_MATERIAL SUPPLIED:_

=== Section Start ===

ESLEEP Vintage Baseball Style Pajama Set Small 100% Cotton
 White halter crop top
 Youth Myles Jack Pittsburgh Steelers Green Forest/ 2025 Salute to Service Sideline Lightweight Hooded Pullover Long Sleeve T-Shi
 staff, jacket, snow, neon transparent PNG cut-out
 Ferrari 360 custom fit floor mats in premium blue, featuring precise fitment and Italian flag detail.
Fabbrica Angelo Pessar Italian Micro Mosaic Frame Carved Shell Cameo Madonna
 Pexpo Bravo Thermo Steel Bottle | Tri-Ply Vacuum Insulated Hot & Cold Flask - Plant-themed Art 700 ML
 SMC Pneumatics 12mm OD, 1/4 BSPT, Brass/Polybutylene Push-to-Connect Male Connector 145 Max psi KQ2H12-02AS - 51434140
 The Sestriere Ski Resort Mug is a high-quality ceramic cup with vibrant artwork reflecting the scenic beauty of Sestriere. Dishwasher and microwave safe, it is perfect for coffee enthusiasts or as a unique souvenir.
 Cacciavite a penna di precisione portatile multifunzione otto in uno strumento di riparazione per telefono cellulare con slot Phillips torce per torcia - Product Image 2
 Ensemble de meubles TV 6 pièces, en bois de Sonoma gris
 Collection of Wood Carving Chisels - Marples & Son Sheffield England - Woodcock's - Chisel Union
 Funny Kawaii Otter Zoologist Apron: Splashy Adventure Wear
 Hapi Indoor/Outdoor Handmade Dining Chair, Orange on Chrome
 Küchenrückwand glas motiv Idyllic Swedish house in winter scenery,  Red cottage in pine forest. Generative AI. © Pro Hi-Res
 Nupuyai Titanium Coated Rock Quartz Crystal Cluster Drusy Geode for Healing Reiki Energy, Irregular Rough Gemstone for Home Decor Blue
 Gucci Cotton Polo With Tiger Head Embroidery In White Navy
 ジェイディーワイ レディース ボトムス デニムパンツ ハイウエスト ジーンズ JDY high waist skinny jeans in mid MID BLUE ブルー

=== Section End ===

The required answer is the run of lines above, starting at the line with "staff, jacket, snow, neon" and ending at the line with "Nupuyai Titanium Coated", reproduced exactly with both ends.

 staff, jacket, snow, neon transparent PNG cut-out
 Ferrari 360 custom fit floor mats in premium blue, featuring precise fitment and Italian flag detail.
Fabbrica Angelo Pessar Italian Micro Mosaic Frame Carved Shell Cameo Madonna
 Pexpo Bravo Thermo Steel Bottle | Tri-Ply Vacuum Insulated Hot & Cold Flask - Plant-themed Art 700 ML
 SMC Pneumatics 12mm OD, 1/4 BSPT, Brass/Polybutylene Push-to-Connect Male Connector 145 Max psi KQ2H12-02AS - 51434140
 The Sestriere Ski Resort Mug is a high-quality ceramic cup with vibrant artwork reflecting the scenic beauty of Sestriere. Dishwasher and microwave safe, it is perfect for coffee enthusiasts or as a unique souvenir.
 Cacciavite a penna di precisione portatile multifunzione otto in uno strumento di riparazione per telefono cellulare con slot Phillips torce per torcia - Product Image 2
 Ensemble de meubles TV 6 pièces, en bois de Sonoma gris
 Collection of Wood Carving Chisels - Marples & Son Sheffield England - Woodcock's - Chisel Union
 Funny Kawaii Otter Zoologist Apron: Splashy Adventure Wear
 Hapi Indoor/Outdoor Handmade Dining Chair, Orange on Chrome
 Küchenrückwand glas motiv Idyllic Swedish house in winter scenery,  Red cottage in pine forest. Generative AI. © Pro Hi-Res
 Nupuyai Titanium Coated Rock Quartz Crystal Cluster Drusy Geode for Healing Reiki Energy, Irregular Rough Gemstone for Home Decor Blue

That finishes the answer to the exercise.